Everyone knows that Buddy Holly shaped rock and roll, and Willie Nelson revamped country. Sure, Leadbelly championed the blues, and Bob Wills personified swing. But what about the dozens of, well, unsung, moments that mark Texas’ musical history? Kinky Friedman, for example, who outraged thousands with songs like ‘Ride ‘Em, Jewboy’ and ‘Get Your Biscuits in the Oven (and Your Buns in the Bed)’ was the only performer whose Austin City Limits episode was too racy to air. In 1979, at age 67, bluesman Lightnin’ Hopkins played Carnegie Hall. Houston’s Johnny Nash primed the U.S. for reggae with his 1972 hit ‘I Can See Clearly Now.’ And Michael Nesmith, the Lennonlike member of the Monkees, defied his TV producers by revealing in 1967 that the teeny-bopper heartthrobs faked their instrument playing. With diverse cultural influences, including lively conjunto, sultry blues, zippy zydeco, and good country music from Amarillo and Ab-o-lene, Texas has sired musical marvels unmatched by any other state. Herewith, a medley of melodious moments about riff-loving riff-raff, rhapsodies by bluesmen, and other Texas fortes.

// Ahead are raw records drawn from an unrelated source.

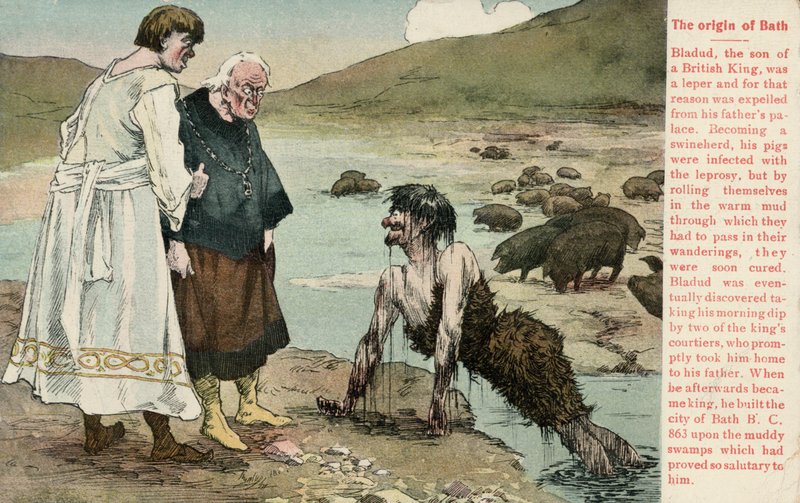 Bladud, un legendario rey de los britanos que se dice fundó la ciudad de Bath de English School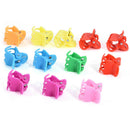 20pcs Colorful Assorted Women Girls Mini Small Plastic Hair Clips Claws Clamps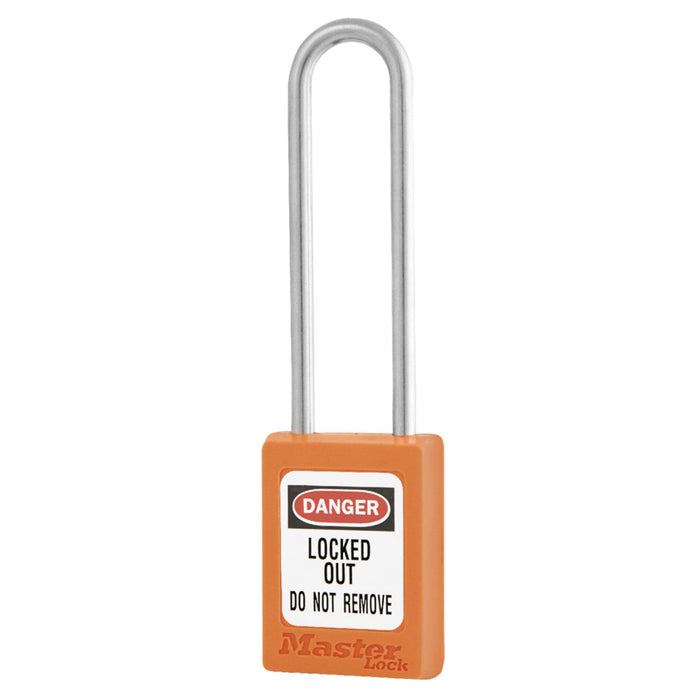 Master Lock S31LT Global Zenex™ Thermoplastic Safety Padlock 1-3/8in (35mm) Wide with 3in (76mm) Shackle, Key Retaining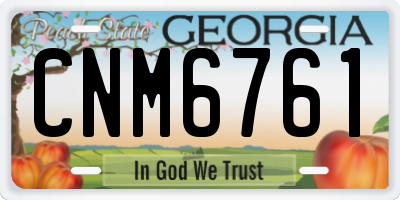 GA license plate CNM6761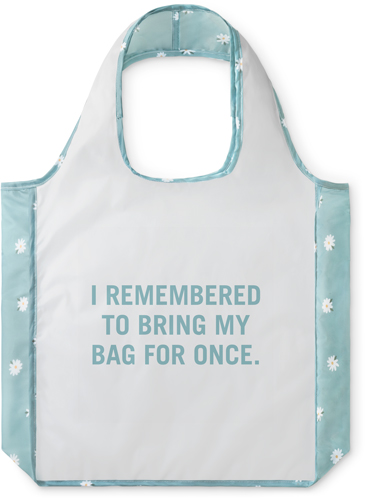 Remember Me Reusable Shopping Bag, Floral, Multicolor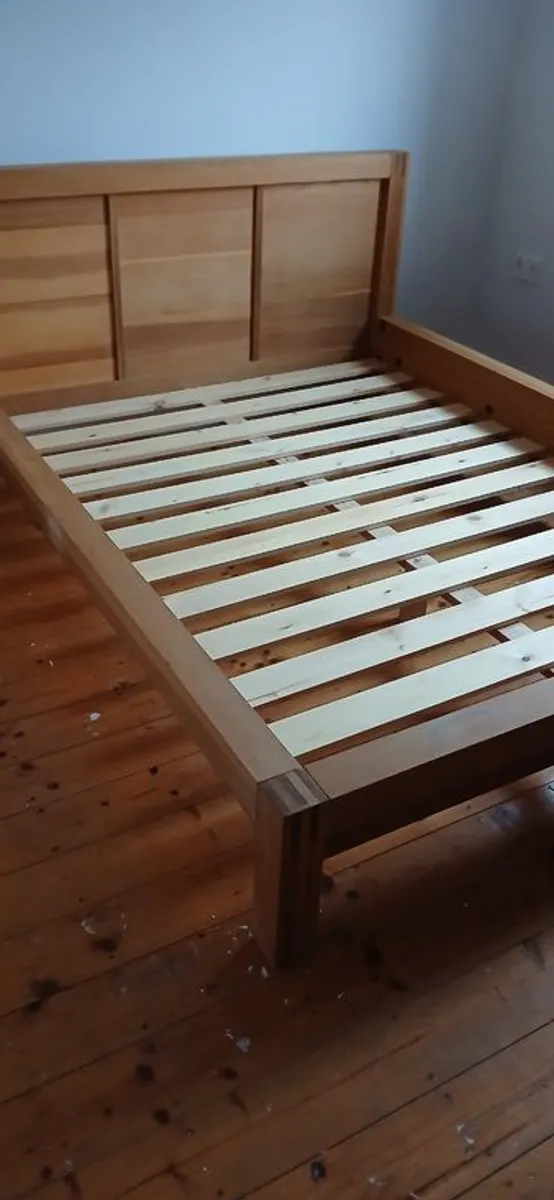 REDUCED Beautiful Wooden Bed Frame -King Size -As New - Image 3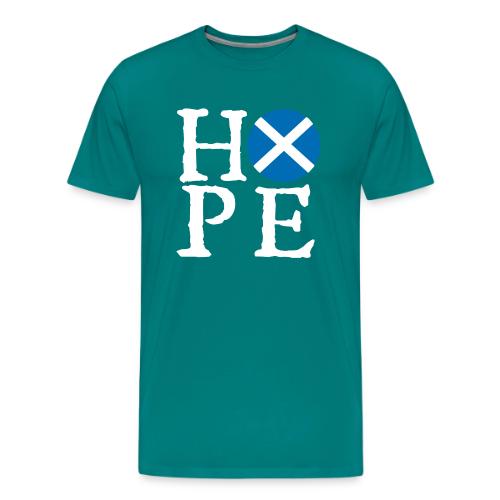 Light HOPE St A Cross - Men's Premium T-Shirt
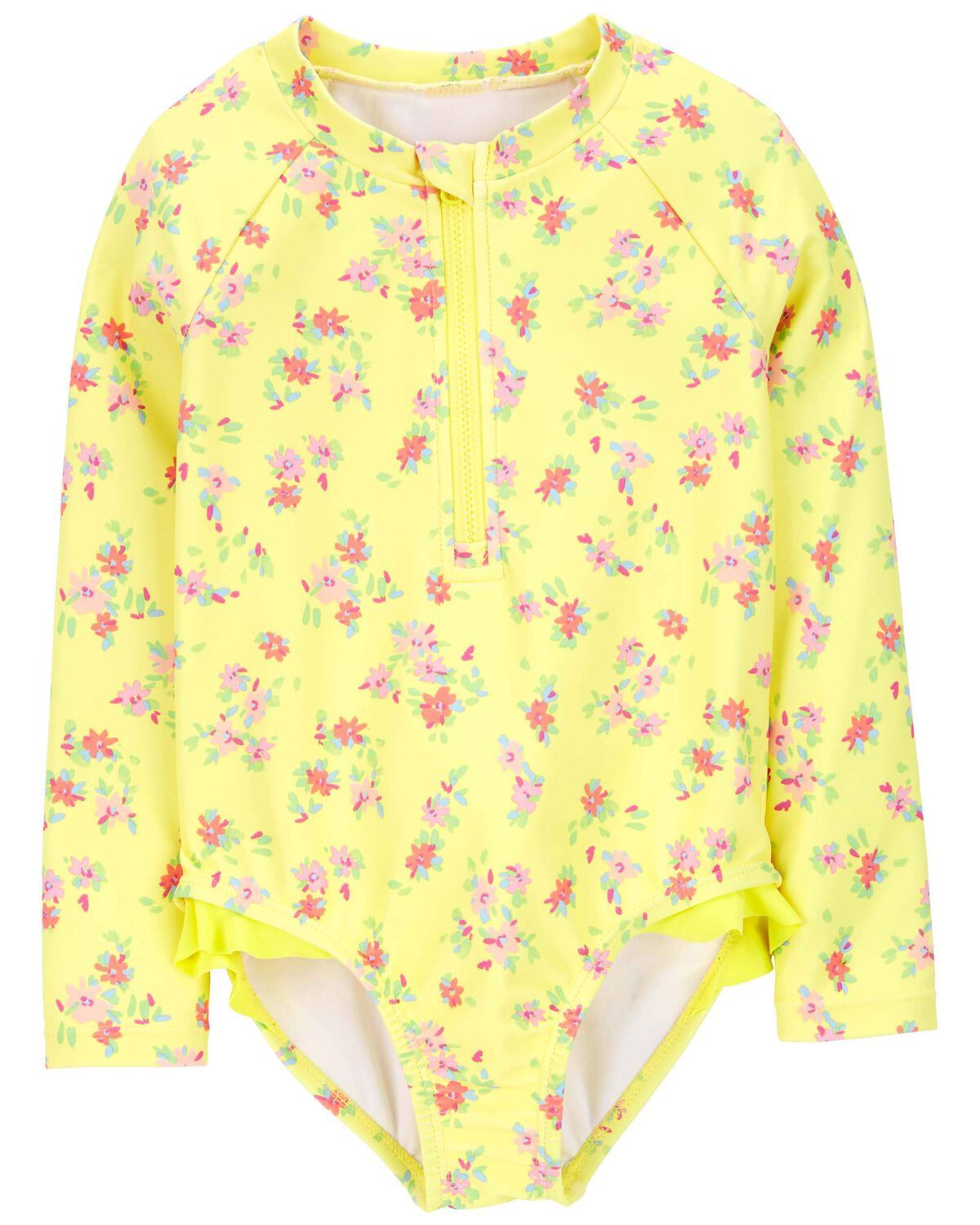 Toddler Floral Print 1-Piece Rashguard Swimsuit | Carter's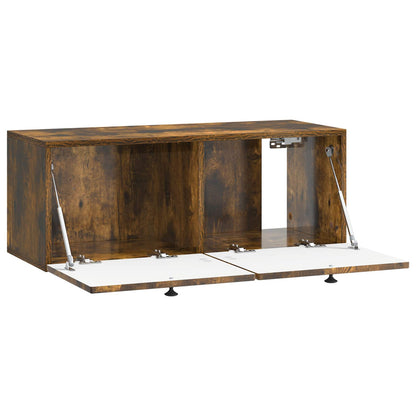 Wall-Mounted TV Cabinet Smoked Oak 78.5 x 31 x 30 cm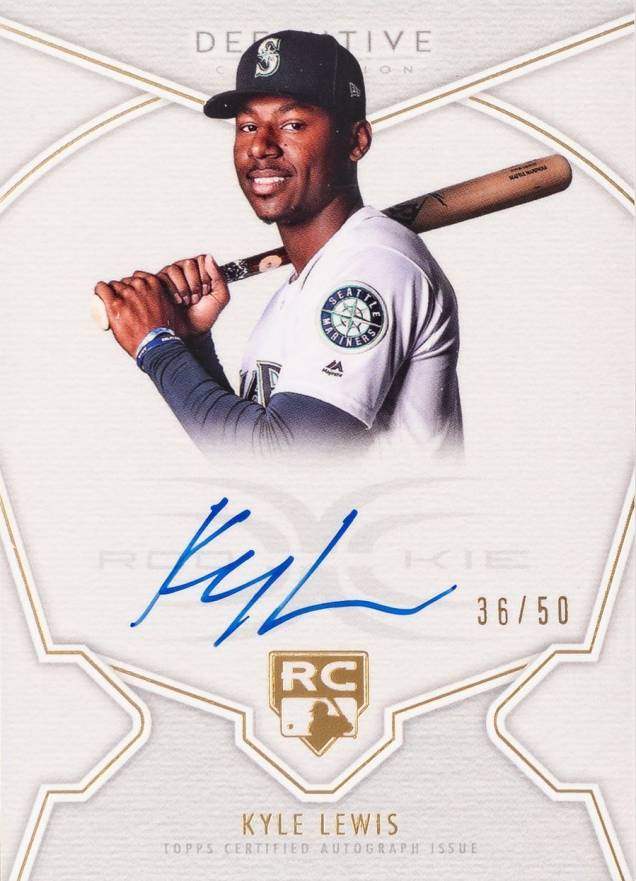 2020 Topps Definitive Collection Definitive Rookie Autographs Kyle Lewis #KL Baseball Card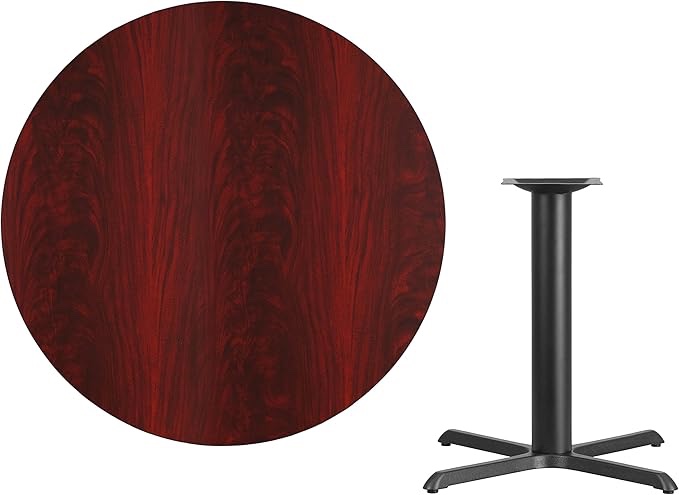 42” round laminate table top mahogany 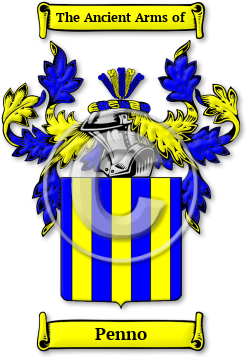 Penno Family Crest Download (jpg) Legacy Series - 150 DPI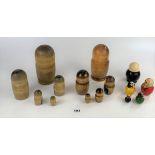 Quantity of assorted Russian stacking dolls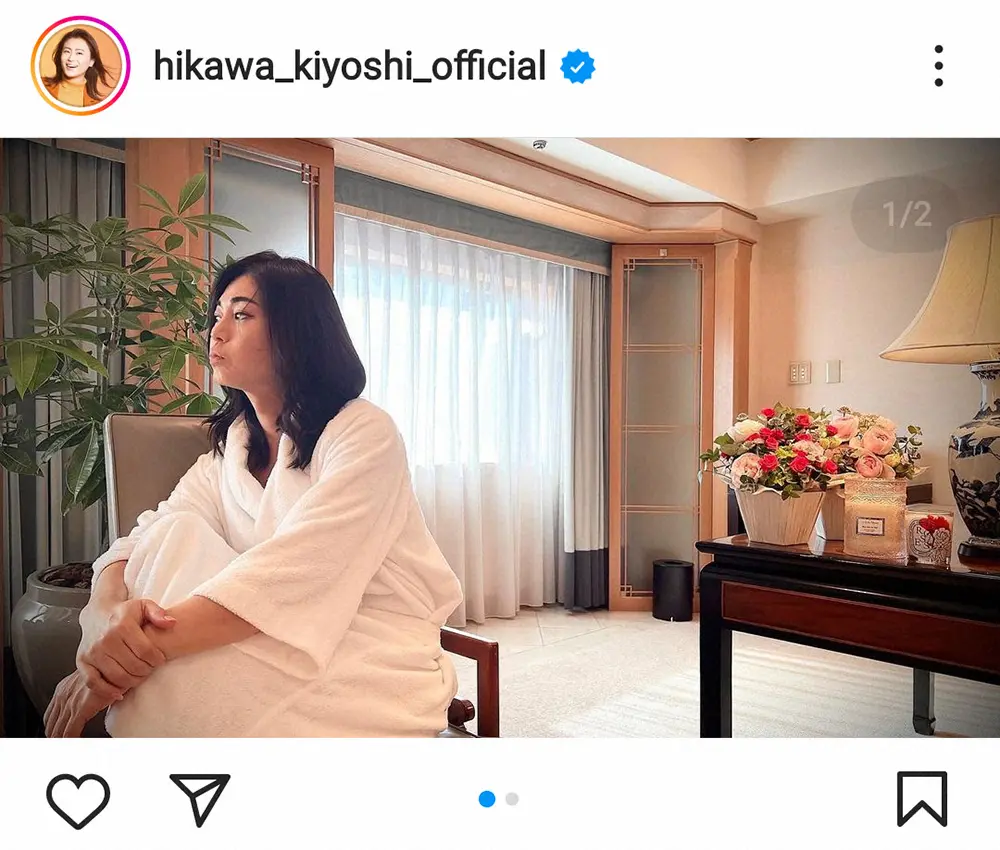 【画像・写真】氷川きよし　ディナーショーでの美脚ショット公開！故郷・福岡では保育園訪問「母と離れたくなく…」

By the mid-forties Ernest Tubb, born in Ellis County, decides to try electrical amplification for his guitar so his Texas Troubadours can be heard over the din in rural honky-tonks. The musical break-through spreads to other genres, notably jazz and blues.

A Star is Born

1965 The Legendary Stardust Cowboy, a.k.a. Norman Odam, performs on the steps of Lubbock’s Monterrey High School for an audience of kids who show their appreciation by throwing pennies—real hard. In the crowd: Joe Ely. Odam achieves greater fame when he guest-stars on Laugh-In and sings ‘Paralyzed,’ which was promoted—justifiably—as the world’s worst record.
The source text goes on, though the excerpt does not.